Rss Feed
  1. Tak Lupa Teringat

    Wednesday, July 17, 2013

    Mereka bilang aku pelupa. Aku melupakan segala sesuatu. Aku lupa mengganti bajuku, aku lupa aku sudah makan atau belum, aku lupa meletakkan barang-barangku, aku lupa nama teman-teman lama ku, aku lupa jalan pulang, aku lupa bahwa ada seorang teman yang sedang berpapasan denganku, aku melupakan segalanya kata mereka.

    Mereka berkata, jangan-jangan aku sudah lupa jalan menuju rumahmu. Aku mungkin sudah lupa nama dan wajahmu. Aku sudah lupa bagaimana mengungkapkan cinta. Aku juga sudah lupa aku pernah mencintaimu. Aku bahkan, kata mereka, telah lupa kalau cinta itu ada.

    Namun aku tidak lupa, itu saja.

    Aku memang sering lupa mengingatmu, tapi aku tidak pernah lupa teringat padamu.

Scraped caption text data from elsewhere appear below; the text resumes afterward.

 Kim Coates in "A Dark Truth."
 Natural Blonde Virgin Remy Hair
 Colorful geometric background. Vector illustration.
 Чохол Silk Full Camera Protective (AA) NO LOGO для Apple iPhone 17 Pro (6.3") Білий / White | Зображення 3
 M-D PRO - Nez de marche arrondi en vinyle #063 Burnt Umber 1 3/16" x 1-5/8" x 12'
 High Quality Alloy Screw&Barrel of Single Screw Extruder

Hidup ini terlalu sulit sehingga ruang pikir untukmu begitu sempit. Aku tidak pernah sanggup mengingatmu saat aku harus bergelut dengan persoalan keseharianku. Itu hanya akan membuatku kehilangan harapan. Aku akan menyerah, putus asa, dan merasa tidak pantas. Kata mereka juga, hidup itu tidak bisa makan cinta.

    Aku menghabiskan hari-hariku untuk berbuat sesuatu, sekedar agar besok masih bisa melakukan sesuatu. Saat malam jika aku kelelahan, aku akan tidur lebih cepat tanpa sempat memikirkan apa-apa. Pada malam lain aku akan didera kebosanan, aku akan berjalan-jalan dan tidur lebih larut seperti biasanya. Aku bisa tidur lebih cepat atau lebih lambat, tapi aku selalu bangun pada saat yang sama.  Dengan kondisi yang sama.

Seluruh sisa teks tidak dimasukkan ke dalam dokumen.